When the club opened for business in 1988, the marina consisted of six docks on the river to be used by the membership. We also leased from the City of Huron thirteen additional docks for use by the membership. In early 1990 the Banner Yacht Club, using the space we now call the marina, built their marina to dock thirteen boats. While building their marina they dredged to a usable depth and used the material as fill for our upper parking lot.
The Banner Yacht Club declared bankruptcy in the early years of the 1990s. The property was split with the City of Huron receiving the upper parking lot back and the marina and condos went to bankruptcy court. .. In 1992 the Club leased the marina and gas dock from the bankruptcy court for use by our membership. In 1993 the Club purchased (Roy Earl Wardrum) the marina and the Banner Building (condos across the street) from the bankruptcy court. We purchased the area of the upper parking lot from the City in 1994 with the restriction that the space be improved as a parking lot immediately.
In 1998, the Board of Directors created a plan to improve the marina which you see now. It can safely dock eighteen boats and we still have four finger docks on the river for transient dockage.

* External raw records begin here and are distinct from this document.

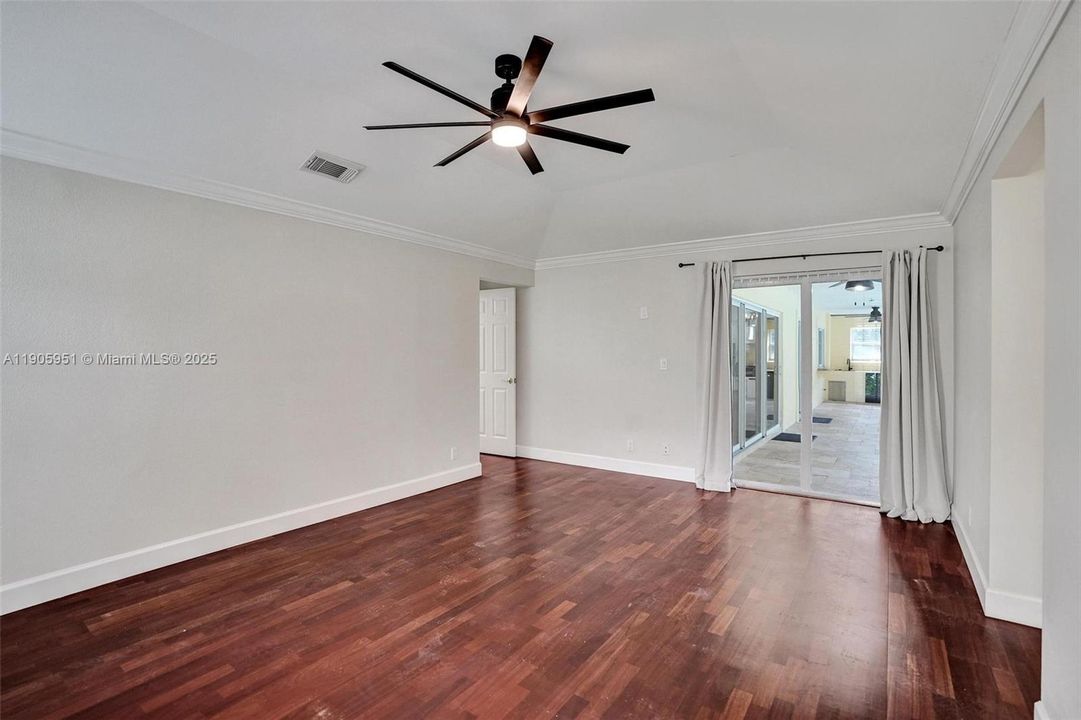 For Rent: $6,900 (4 beds, 2 baths, 2499 Square Feet)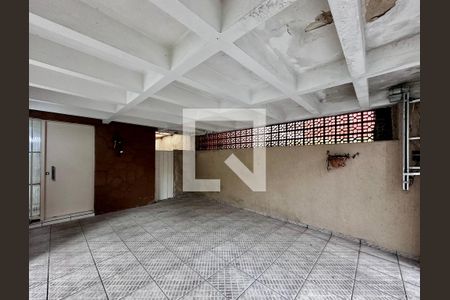 Casa à venda com 200m², 3 quartos e 2 vagas Casa à venda com 200m², 3 quartos e 2 vagasGaragem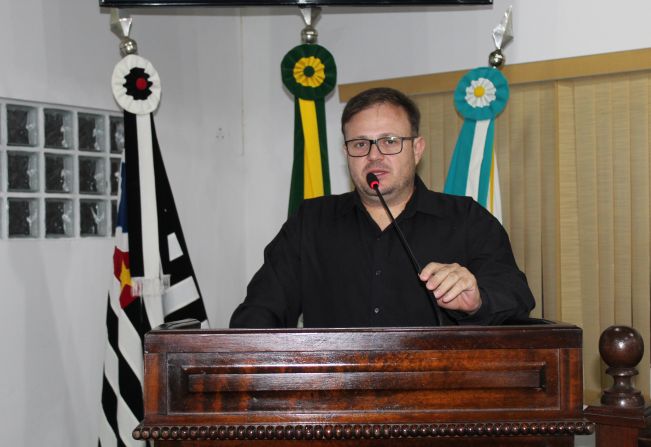 Vereador apresenta Projeto de Decreto Legislativo para criar Frente Parlamentar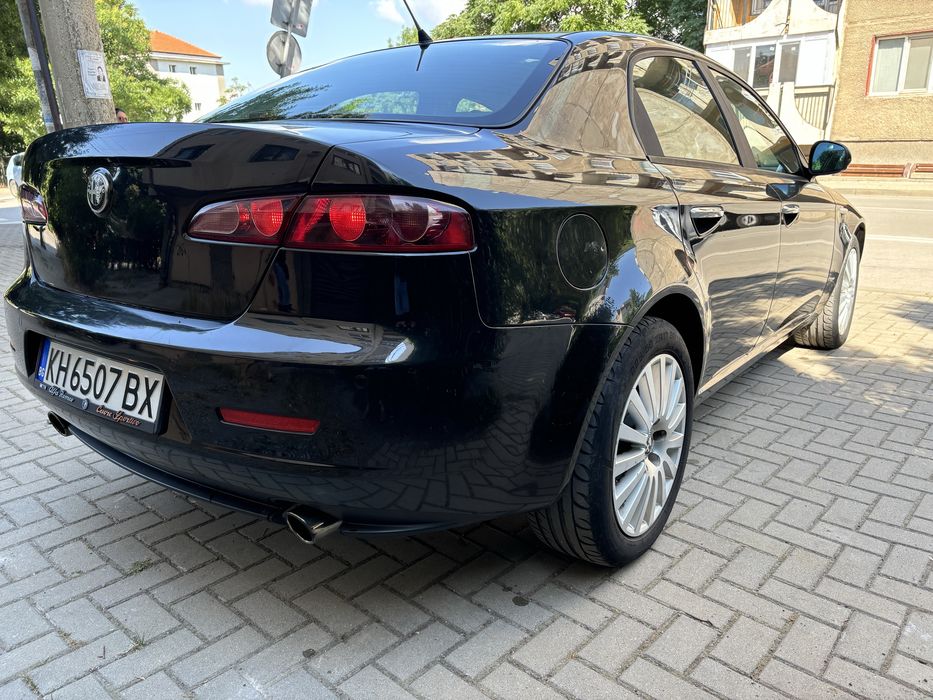 Alfa  Romeo 159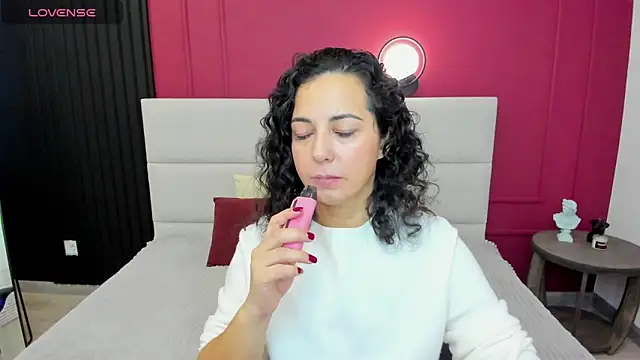 Snapshot of Linda_Insatiable chatting on 10-17-25, 01:31 Linda Insatiable online show from 10-17-25, 01:31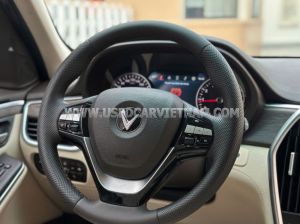 Xe VinFast Lux SA 2.0 Premium 2.0 AT 2019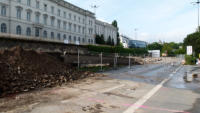 13.08.14 - Die Brckenteile der alten Busrampe sind nun komplett rckbegaut.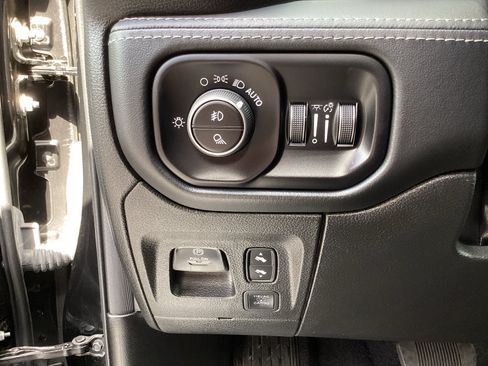 Used 2025 RAM 1500 Limited AWD/4WD image 29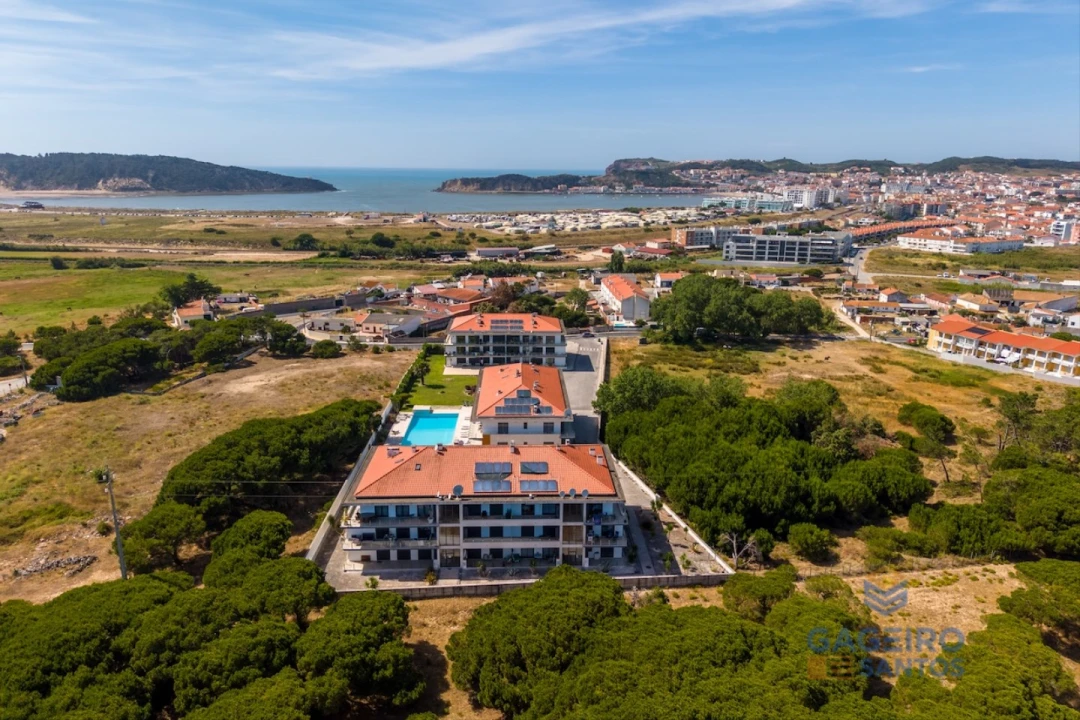 Apartamento T2 para Venda em São Martinho do Porto Foto 1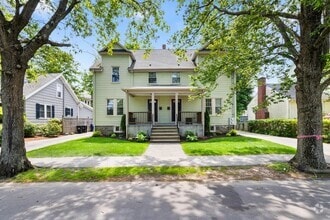 Building Photo - 111 Pleasant St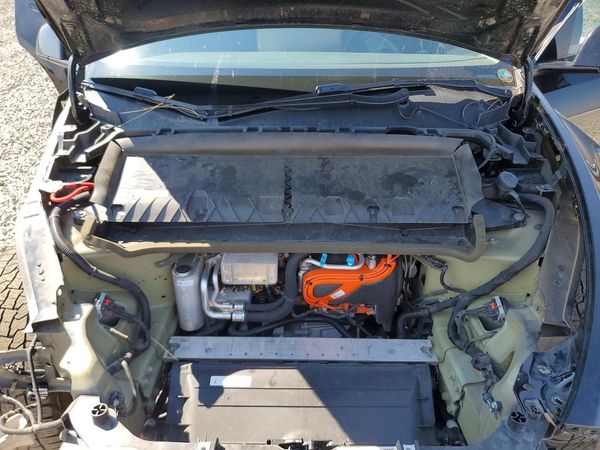 2022 TESLA MODEL Y — Engine bay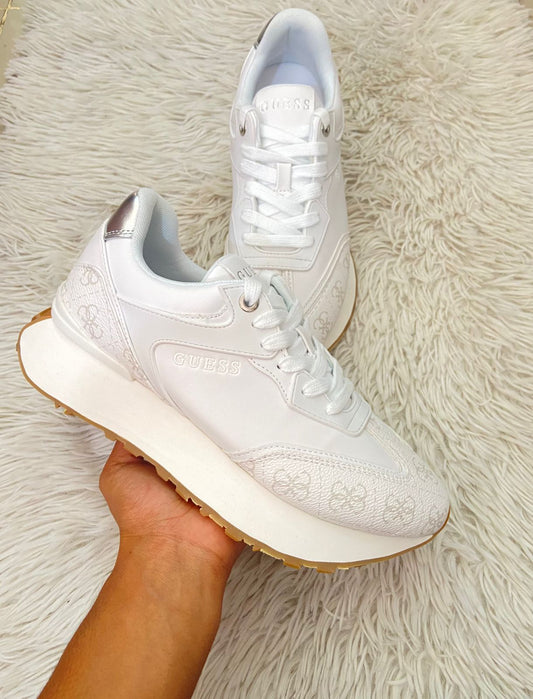 Tenis GUESS original blanco con marrón altos, com logotipo de Guess.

Since the club open in 1988, there has been the normal maintenance to keep the appearance looking good. There have been many members that have donated time, money and belongings to keep the club updates for everyone’s enjoyment, though this is what makes HYC a family, not just a club. A special thank you to everyone who has pitched in at one time or another to get us where we are today. The road would have been rougher had we not been surrounded by so many friends.